*** INPUT MATERIAL ***
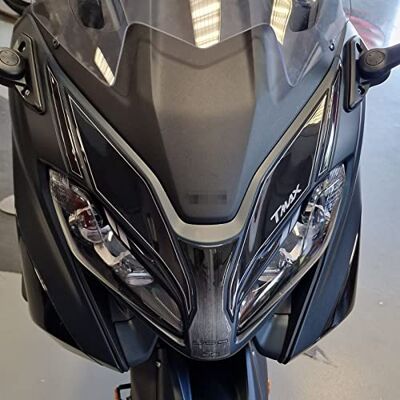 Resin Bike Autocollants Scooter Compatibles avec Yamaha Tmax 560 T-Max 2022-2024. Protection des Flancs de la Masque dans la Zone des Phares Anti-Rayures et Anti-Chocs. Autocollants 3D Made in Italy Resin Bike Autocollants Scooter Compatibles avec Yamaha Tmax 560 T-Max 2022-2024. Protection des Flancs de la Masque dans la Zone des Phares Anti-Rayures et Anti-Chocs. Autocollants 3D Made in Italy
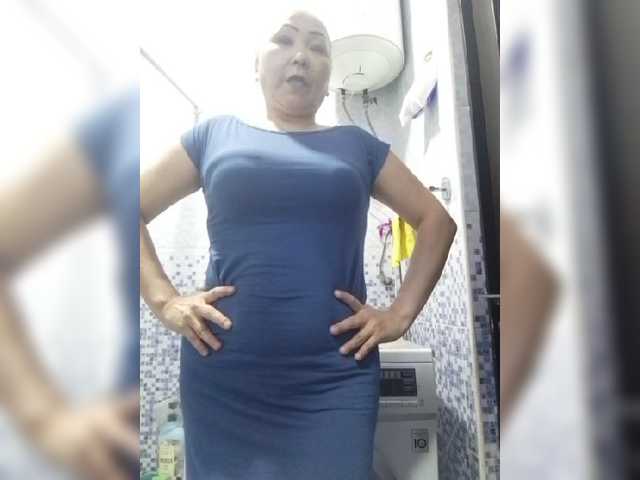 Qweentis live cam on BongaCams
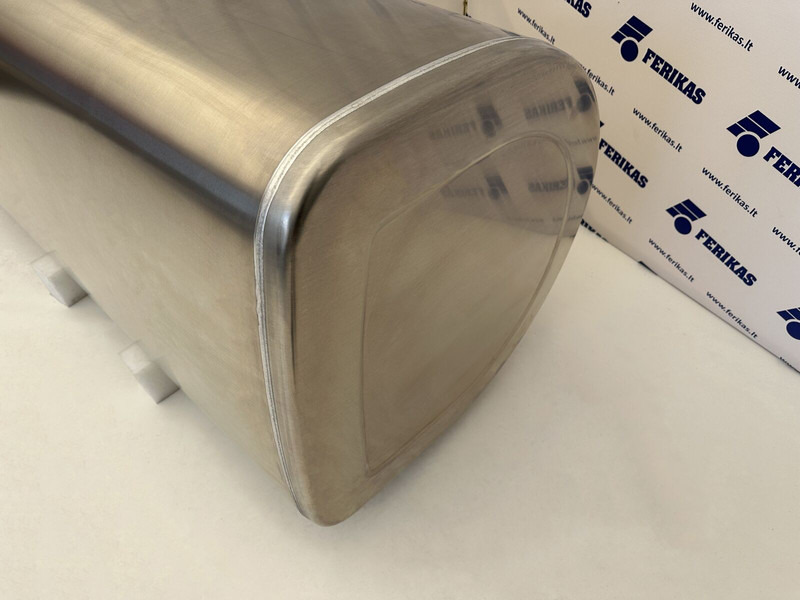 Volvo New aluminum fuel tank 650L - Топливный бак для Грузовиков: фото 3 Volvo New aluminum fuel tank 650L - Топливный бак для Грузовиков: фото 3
*** End of INPUT MATERIAL ***
*** INPUT MATERIAL ***
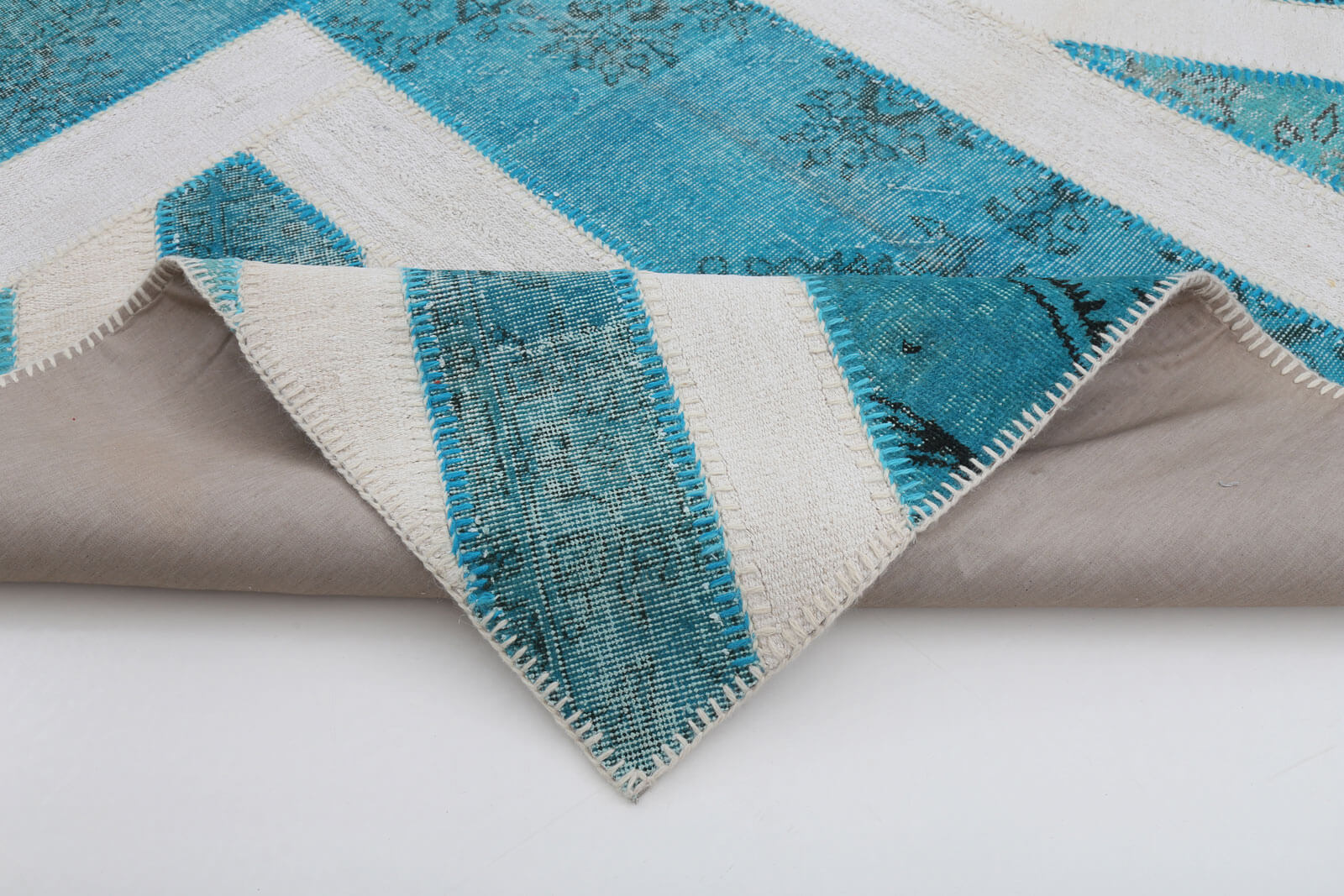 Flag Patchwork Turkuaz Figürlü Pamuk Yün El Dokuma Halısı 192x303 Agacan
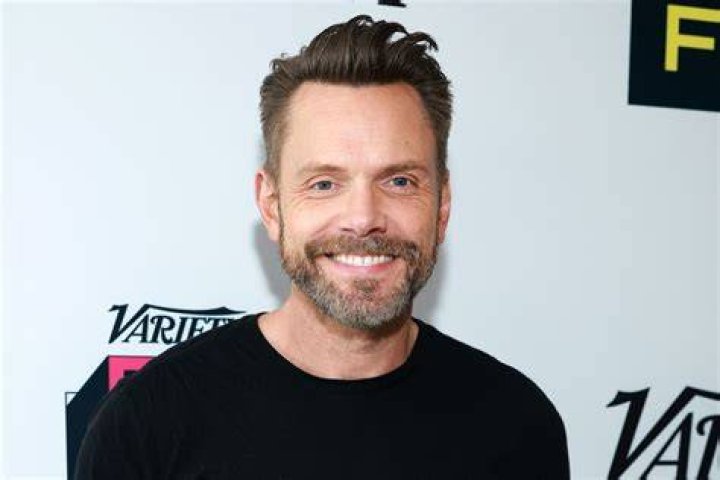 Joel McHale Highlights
*** End of INPUT MATERIAL ***
WORK TO BE COMPLETED: Go to the line above that contains "Flag Patchwork Turkuaz" and reproduce everything exactly from there through the line that contains "Joel McHale Highlights", leaving out the pictures.

OUTPUT OF THE EXERCISE:
 Flag Patchwork Turkuaz Figürlü Pamuk Yün El Dokuma Halısı 192x303 Agacan
 Joel McHale Highlights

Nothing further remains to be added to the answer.